• TRY IT:
Go through the data and retrieve each line that includes the string "Design".

(Beginning of SUPPLIED INFORMATION)

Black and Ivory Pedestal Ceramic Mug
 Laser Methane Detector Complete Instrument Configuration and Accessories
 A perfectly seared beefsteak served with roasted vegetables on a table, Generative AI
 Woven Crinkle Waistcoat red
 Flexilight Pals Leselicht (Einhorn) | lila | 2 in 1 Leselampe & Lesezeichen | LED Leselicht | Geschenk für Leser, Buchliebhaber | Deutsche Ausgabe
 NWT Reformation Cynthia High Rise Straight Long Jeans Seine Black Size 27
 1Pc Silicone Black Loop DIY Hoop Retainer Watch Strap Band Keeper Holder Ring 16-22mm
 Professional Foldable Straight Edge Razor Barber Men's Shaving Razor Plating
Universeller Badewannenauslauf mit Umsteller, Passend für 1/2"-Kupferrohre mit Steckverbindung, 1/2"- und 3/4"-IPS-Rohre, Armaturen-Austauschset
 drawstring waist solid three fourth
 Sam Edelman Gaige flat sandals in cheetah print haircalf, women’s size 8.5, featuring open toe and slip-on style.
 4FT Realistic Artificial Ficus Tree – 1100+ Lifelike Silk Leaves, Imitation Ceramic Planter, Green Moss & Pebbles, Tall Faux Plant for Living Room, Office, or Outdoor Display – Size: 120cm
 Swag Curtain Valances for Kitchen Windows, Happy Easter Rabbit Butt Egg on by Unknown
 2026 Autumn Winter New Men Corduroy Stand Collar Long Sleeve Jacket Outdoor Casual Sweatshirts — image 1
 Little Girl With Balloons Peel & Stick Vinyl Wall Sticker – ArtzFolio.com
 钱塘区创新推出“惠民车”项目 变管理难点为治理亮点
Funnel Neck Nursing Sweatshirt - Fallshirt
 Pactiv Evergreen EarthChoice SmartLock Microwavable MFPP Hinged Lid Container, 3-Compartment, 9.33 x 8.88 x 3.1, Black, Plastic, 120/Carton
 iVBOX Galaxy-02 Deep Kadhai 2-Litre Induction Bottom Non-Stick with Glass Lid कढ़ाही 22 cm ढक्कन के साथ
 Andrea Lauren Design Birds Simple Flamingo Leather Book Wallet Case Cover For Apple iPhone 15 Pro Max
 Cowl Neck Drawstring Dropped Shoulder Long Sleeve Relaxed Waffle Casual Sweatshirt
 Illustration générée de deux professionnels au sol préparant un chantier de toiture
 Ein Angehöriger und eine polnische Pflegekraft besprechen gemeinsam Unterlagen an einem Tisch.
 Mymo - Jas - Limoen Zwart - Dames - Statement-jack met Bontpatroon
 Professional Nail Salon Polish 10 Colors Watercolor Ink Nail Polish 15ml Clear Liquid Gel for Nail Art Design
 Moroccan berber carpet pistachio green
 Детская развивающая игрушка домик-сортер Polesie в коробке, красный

(End of SUPPLIED INFORMATION)

• SOLUTION TO THIS TASK:
 Andrea Lauren Design Birds Simple Flamingo Leather Book Wallet Case Cover For Apple iPhone 15 Pro Max
 Professional Nail Salon Polish 10 Colors Watercolor Ink Nail Polish 15ml Clear Liquid Gel for Nail Art Design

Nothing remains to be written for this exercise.